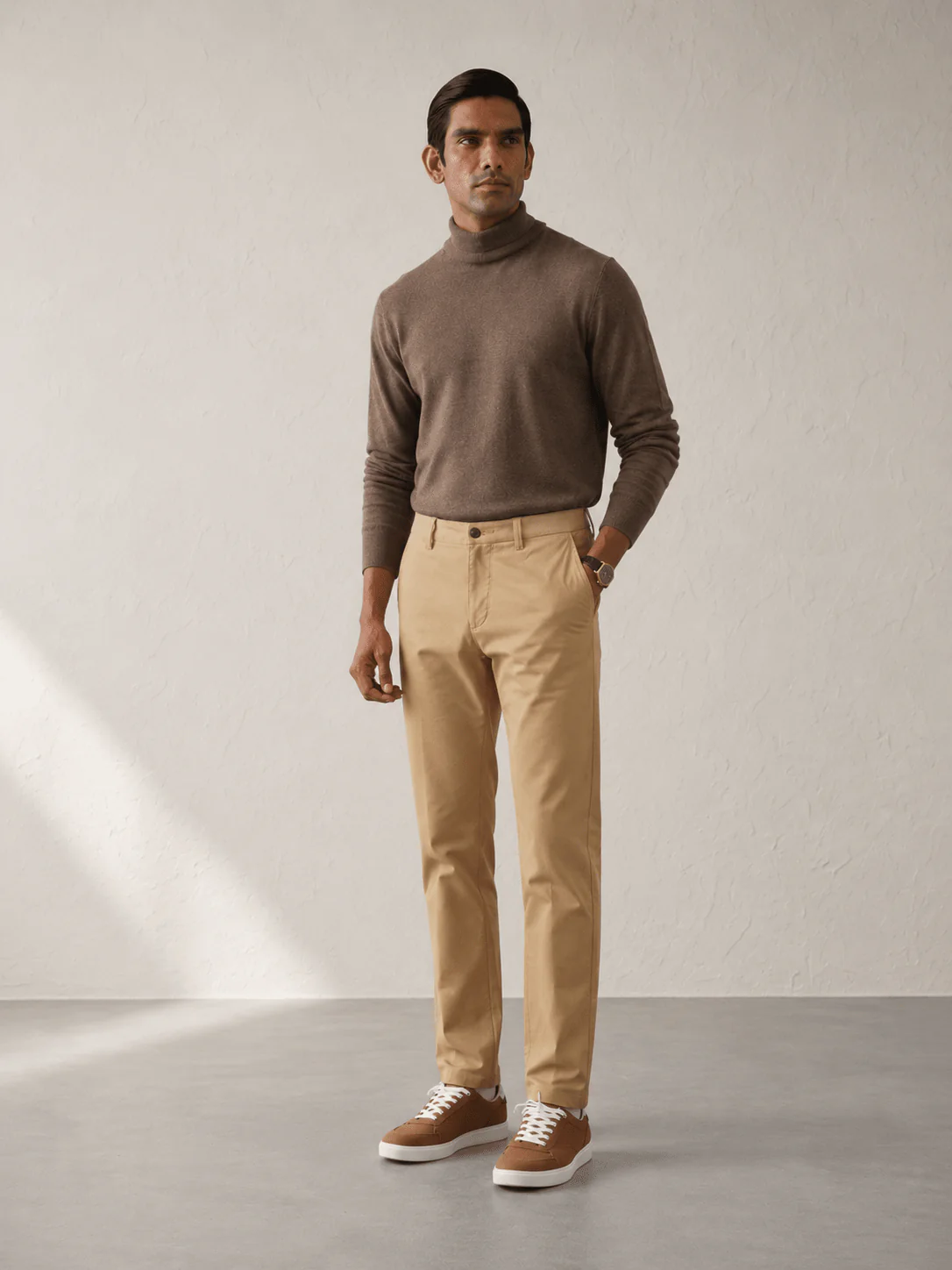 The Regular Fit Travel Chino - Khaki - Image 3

● ● ● ● ●

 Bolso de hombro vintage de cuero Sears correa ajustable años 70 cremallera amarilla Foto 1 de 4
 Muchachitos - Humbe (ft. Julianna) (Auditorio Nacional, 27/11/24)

● ● ● ● ●

TASK DETAILS:
Taking the listing above as the source, transcribe only the lines starting at the line with "Bolso de hombro" and going through the line with "Muchachitos - Humbe", unaltered and with both ends included.

SOLUTION TO THIS PROBLEM:
 Bolso de hombro vintage de cuero Sears correa ajustable años 70 cremallera amarilla Foto 1 de 4
 Muchachitos - Humbe (ft. Julianna) (Auditorio Nacional, 27/11/24)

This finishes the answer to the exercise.